Re: SnapMirror to DR moving from 1GbE to 10GbE

izzi · ‎2013-04-29

What in your opinion are the trade-offs with going from a 1g to 10g snapmirror network?

How much impact to you see latency and packet loss on this decision process?

Is this worth the expense of the connection?

lmunro_hug · ‎2013-04-29

Hi,

Do you know how much disk throughput you are currently doing to service actual workloads running on the SRC filer? I found even with good 1GbE layer 2 connections between SRC and DST there was a performance impact that was noticeable when snapmirrors occurred. This was on mid level 32xx systems doing snapmirror transfers totalling +-110MB/sec and user requests for data going between 300MB/sec and 400MB/sec, I always viewed snapmirrors as using disk throughput that could be servicing user requests. Even though the system tasks should have less priority over user data requests I didn't find this to be the case. You could try tweaking the priority but I found this didn't help much.

If you had to have 10GbE for snapmirror traffic it would be my opinion that you may have to limit the speed to prevent performance impacts. Also is the destination systems disk throughput able to keep up (if it is a smaller system)

This is my 2c

Luke

justin_smith · ‎2013-06-12

We noticed a performance impact going to a 10GBe pipe between DC's...

Previously everything was 10GBe internal, leaving the DC at 1GBe, back to 10GBe networks... SM worked just fine...

Once we went from 10Gbe internal, leaving the DC at 10Gbe and into our 10GBe networks at DR site, the lag times increased significantly.... not sure how/why, we're running 6240's.

radek_kubka · ‎2013-06-13

Well, you can throttle SnapMirror bandwidth, can't you?

I would say it all depends - if the filer isn't heavily loaded by users request, then upping the bandwidth for SM could make sense, *if* it is really needed for anything (more data / data changes expected?)

Regards,

Radek

justin_smith · ‎2013-06-13

Curious what would throttling the bandwidth accomplish though?

If we ran fine on a 1GB interface, why would increasing the pipe 10x between the 2 cause poor performance?
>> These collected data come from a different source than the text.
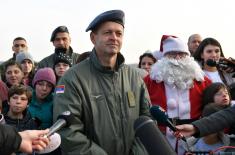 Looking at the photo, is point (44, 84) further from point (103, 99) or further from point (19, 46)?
point (19, 46)

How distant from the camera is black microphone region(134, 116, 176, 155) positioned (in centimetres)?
222

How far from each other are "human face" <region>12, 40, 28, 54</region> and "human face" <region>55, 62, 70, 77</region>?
256 centimetres

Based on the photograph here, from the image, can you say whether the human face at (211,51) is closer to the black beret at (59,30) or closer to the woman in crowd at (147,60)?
the woman in crowd at (147,60)

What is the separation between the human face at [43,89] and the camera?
525cm

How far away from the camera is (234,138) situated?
407 centimetres

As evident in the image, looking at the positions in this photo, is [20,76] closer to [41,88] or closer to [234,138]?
[41,88]

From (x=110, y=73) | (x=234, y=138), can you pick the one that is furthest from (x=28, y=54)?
(x=234, y=138)

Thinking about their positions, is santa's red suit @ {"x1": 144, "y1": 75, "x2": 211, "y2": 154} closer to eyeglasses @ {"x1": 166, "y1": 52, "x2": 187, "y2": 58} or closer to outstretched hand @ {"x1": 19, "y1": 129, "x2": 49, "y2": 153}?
eyeglasses @ {"x1": 166, "y1": 52, "x2": 187, "y2": 58}

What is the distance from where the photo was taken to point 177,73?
498 cm

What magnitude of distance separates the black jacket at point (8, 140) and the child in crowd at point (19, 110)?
249 cm

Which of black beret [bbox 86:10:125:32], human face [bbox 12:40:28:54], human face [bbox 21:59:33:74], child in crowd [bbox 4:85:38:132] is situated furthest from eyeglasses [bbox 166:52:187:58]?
human face [bbox 12:40:28:54]

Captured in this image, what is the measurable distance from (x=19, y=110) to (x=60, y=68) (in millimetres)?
1225

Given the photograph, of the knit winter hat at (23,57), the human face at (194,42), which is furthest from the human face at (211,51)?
Result: the knit winter hat at (23,57)

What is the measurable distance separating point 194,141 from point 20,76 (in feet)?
10.4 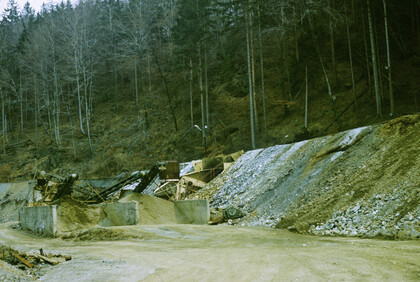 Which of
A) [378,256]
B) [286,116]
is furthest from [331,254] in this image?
[286,116]

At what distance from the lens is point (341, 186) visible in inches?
466

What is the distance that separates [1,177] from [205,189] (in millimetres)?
26592

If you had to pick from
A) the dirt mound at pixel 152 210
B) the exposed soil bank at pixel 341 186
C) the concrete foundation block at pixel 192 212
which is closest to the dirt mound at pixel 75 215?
the dirt mound at pixel 152 210

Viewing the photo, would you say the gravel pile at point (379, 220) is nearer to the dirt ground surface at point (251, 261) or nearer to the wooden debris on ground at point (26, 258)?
the dirt ground surface at point (251, 261)

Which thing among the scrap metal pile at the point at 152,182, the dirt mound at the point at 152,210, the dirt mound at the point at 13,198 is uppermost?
the scrap metal pile at the point at 152,182

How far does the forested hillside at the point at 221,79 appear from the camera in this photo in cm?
2417

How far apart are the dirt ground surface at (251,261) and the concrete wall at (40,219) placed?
16.9 ft

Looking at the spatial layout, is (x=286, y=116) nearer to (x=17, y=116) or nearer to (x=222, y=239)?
(x=222, y=239)

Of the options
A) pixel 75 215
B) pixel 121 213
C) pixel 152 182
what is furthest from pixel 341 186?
pixel 152 182

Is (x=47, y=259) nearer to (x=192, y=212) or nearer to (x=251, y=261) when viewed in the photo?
(x=251, y=261)

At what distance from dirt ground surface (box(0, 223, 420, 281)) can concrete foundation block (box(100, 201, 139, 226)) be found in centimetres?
432

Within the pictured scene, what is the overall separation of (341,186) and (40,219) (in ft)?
39.0

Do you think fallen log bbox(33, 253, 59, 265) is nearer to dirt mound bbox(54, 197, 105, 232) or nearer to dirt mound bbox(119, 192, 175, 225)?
dirt mound bbox(54, 197, 105, 232)

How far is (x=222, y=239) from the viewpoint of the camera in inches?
410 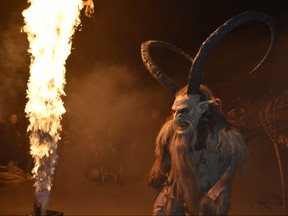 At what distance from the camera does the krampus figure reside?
3.65m

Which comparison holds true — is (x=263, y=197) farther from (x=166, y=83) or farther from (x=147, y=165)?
(x=166, y=83)

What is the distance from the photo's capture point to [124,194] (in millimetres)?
9406

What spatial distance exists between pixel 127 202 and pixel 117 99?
208 inches

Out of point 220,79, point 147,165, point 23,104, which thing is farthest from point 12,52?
point 220,79

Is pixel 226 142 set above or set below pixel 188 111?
below

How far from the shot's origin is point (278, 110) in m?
8.99

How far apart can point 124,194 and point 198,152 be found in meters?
5.92

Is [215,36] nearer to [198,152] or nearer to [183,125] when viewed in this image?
[183,125]

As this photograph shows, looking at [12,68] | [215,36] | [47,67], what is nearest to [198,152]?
[215,36]

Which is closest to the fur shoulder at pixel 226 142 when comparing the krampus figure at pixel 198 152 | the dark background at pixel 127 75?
the krampus figure at pixel 198 152

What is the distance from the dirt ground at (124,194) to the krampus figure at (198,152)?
2695 millimetres

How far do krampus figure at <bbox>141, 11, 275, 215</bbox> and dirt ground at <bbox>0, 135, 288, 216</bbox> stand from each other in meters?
2.70

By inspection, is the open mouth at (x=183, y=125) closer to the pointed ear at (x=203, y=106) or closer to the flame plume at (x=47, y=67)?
the pointed ear at (x=203, y=106)

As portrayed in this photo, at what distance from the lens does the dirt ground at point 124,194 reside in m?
7.84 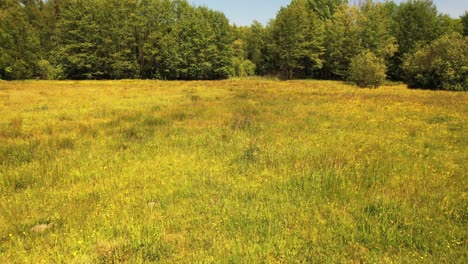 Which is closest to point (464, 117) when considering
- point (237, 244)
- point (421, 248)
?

And how would throttling the BW help?

bbjholcomb · ‎2013-06-13

What is the MTU size on the 10G interface on the NetApp side? Do you have a firewall between the DC and how much bandwidth can it handle? We found a problem with jumbo frames on one end, it caused 100% CPU on the switch, changing from 9000 to 1500 packets. Most people use throttling when they have limited bandwidth between the DC, it doesn't seem to apply in your case.

radek_kubka · ‎2013-06-14

If we ran fine on a 1GB interface, why would increasing the pipe 10x between the 2 cause poor performance? And how would throttling the BW help?

I was thinking that SnapMirror traffic was going over using more than 1Gbit bandwidth, hence more reads from disks, hence lower performance of the system. It is moot point, indeed, if SM throughput stays below 1Gbit in both cases.

justin_smith · ‎2013-06-13

The NetApp is configured for 1500. Ill triple check the switch, but I want to say its the same.

Its probably just a setting on one side or a switch that doesnt match up....

bbjholcomb · ‎2013-06-13

As long as the switch is set to higher than 1500 the switch shouldn't be part of the problem. I would do a traceroute from end to the other and see what there is between there, can all of connection points handle 10g, you could over loading the firewall if it has a 1G connection. I would also run a packet trace on both ends, make sure you are seeing packets of 1500. Is the connection encrypted? We found problems with the packet size of 1500 for VPN, we set it lower. We have two 10G connections from coast to cost, we are able advantage of the 10G. Just my opinion, it appears something is being overloaded when you went from 1G to 10G.

paul_wolf · ‎2013-06-14

This brings Long Fat Networks (LFNs) into play as bandwidth gets wider, the ability to effectively utilize that bandwidth becomes more of a challenge. Not sure if this is the case here but in the last when we have gone to wide low latency links between sites, we would see the same or slightly worse overall performance between hosts. This was due to the nature of TCP specifically window size, acknowledgements and other TCP overhead.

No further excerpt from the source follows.